• [Problem to solve] Each entry has to be given again in its exact wording, and no picture may appear in the result.

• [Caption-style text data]
--------------------------------

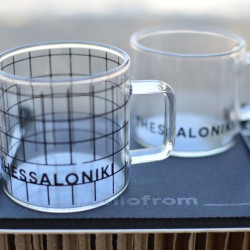 Set of 2 espresso cups Hellofrom Thessaloniki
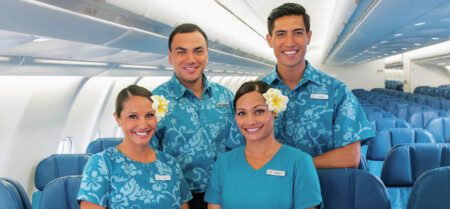 Hawaiian Airlines Named 2016 World Airline Awards Winner for Best Airline Staff — North America a330 maincabin fltattendants 338 v2 1290 Metropolitan Airport News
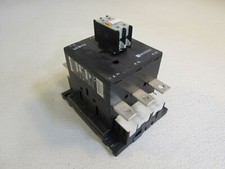 Telemecanique Contactor 3 Pole 240 VAC 160A 600VAC 8in x 7in x 5.5in LC1D11500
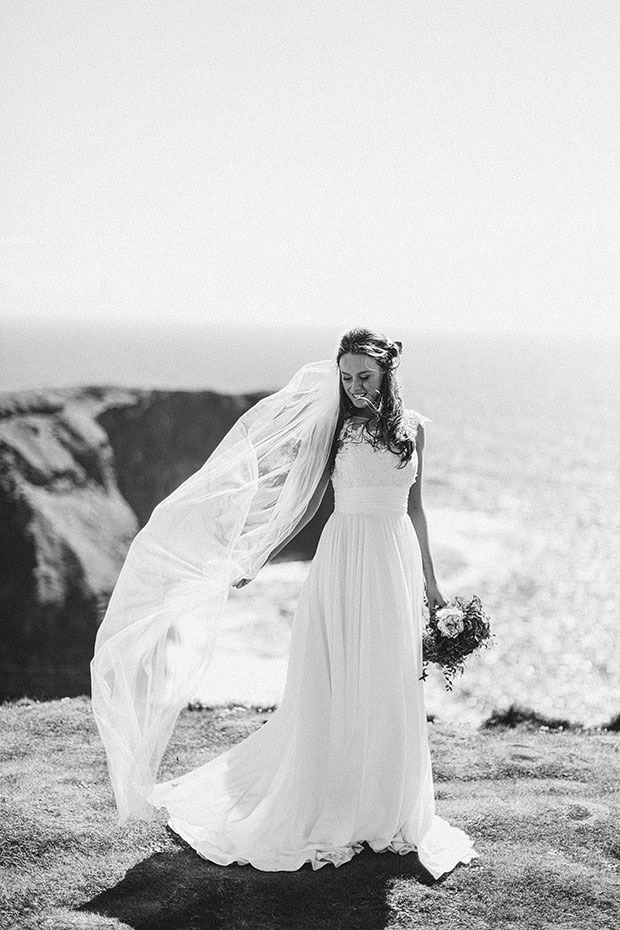 Epic Irish Hotel Doolin Wedding by Pawel Bebenca // onefabday.com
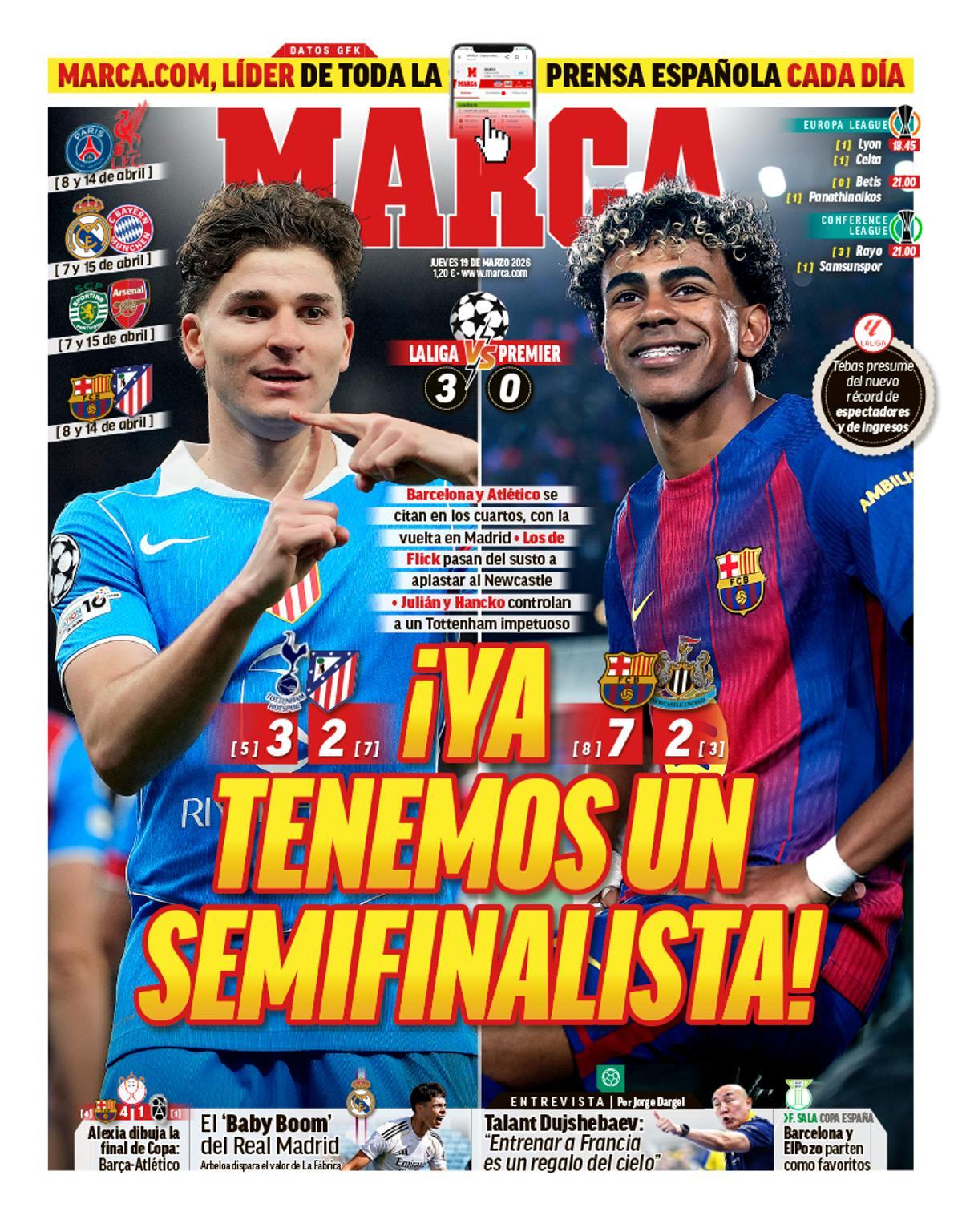LAS PORTADAS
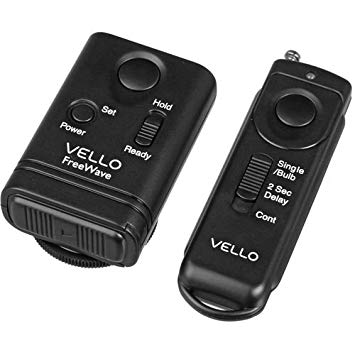 Vello FreeWave Wireless Remote Shutter Release for Nikon with 10-Pin Connection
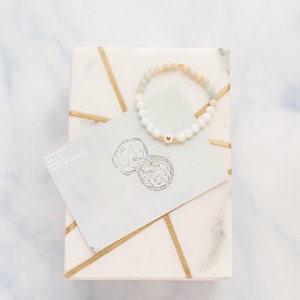 Embryo Loss Bracelet: IVF gift of remembrance for lost embryos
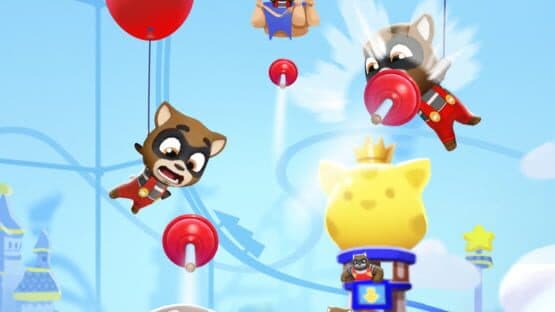 Talking Tom Blast Park screenshot 1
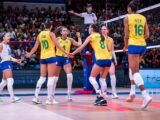 Brasileiras derrotam a Sérvia e vão à final da Liga das Nações de Vôlei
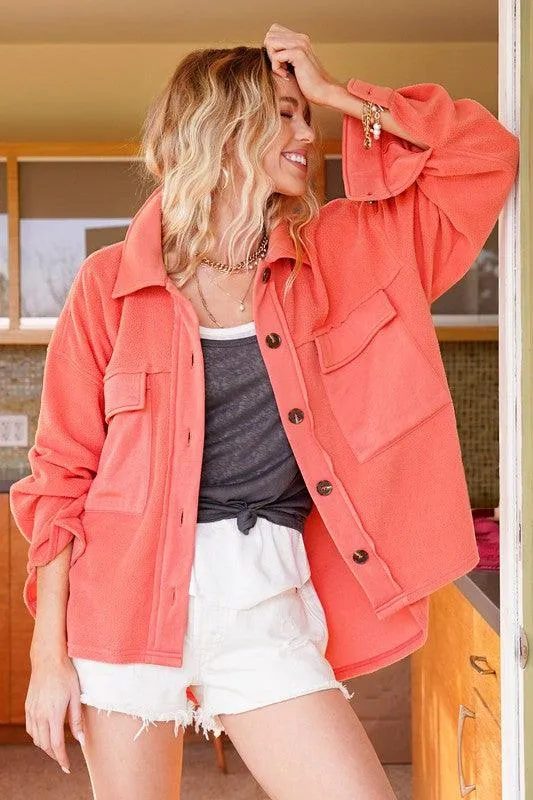 Women's Button Down Matilda Jacket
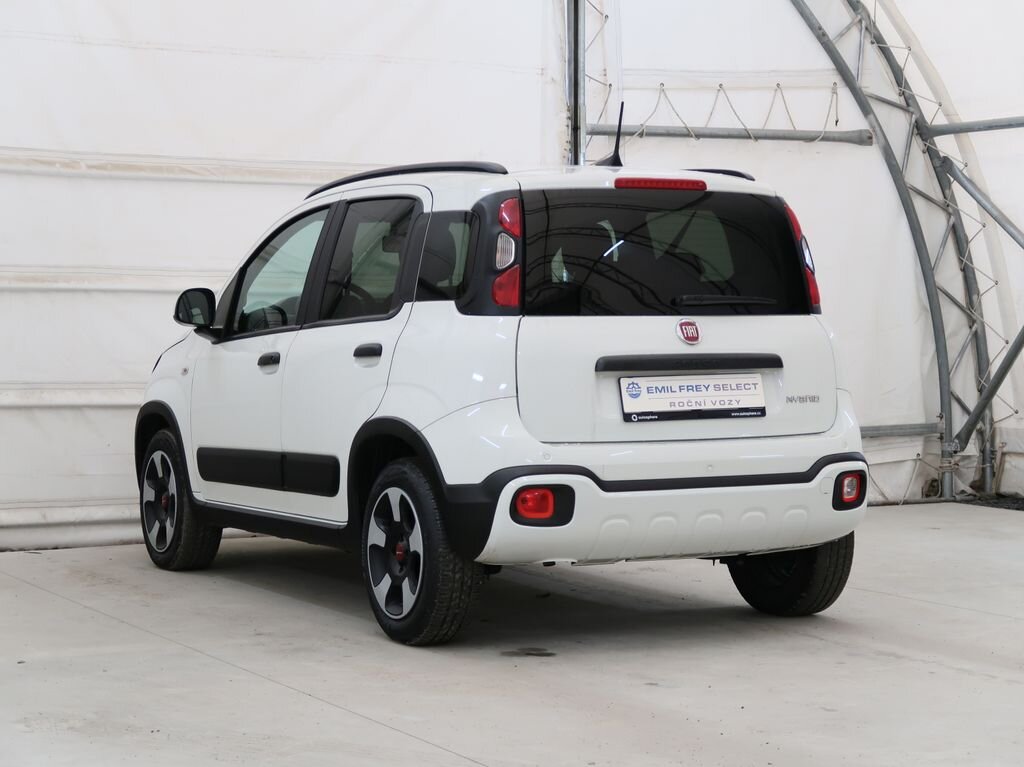 Fiat Panda Hatchback 999,0 52 kw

--------------------------------

• [Task output]
 Set of 2 espresso cups Hellofrom Thessaloniki
 Hawaiian Airlines Named 2016 World Airline Awards Winner for Best Airline Staff — North America a330 maincabin fltattendants 338 v2 1290 Metropolitan Airport News
 Telemecanique Contactor 3 Pole 240 VAC 160A 600VAC 8in x 7in x 5.5in LC1D11500
 Epic Irish Hotel Doolin Wedding by Pawel Bebenca // onefabday.com
LAS PORTADAS
 Vello FreeWave Wireless Remote Shutter Release for Nikon with 10-Pin Connection
 Embryo Loss Bracelet: IVF gift of remembrance for lost embryos
 Talking Tom Blast Park screenshot 1
 Brasileiras derrotam a Sérvia e vão à final da Liga das Nações de Vôlei
 Women's Button Down Matilda Jacket
 Fiat Panda Hatchback 999,0 52 kw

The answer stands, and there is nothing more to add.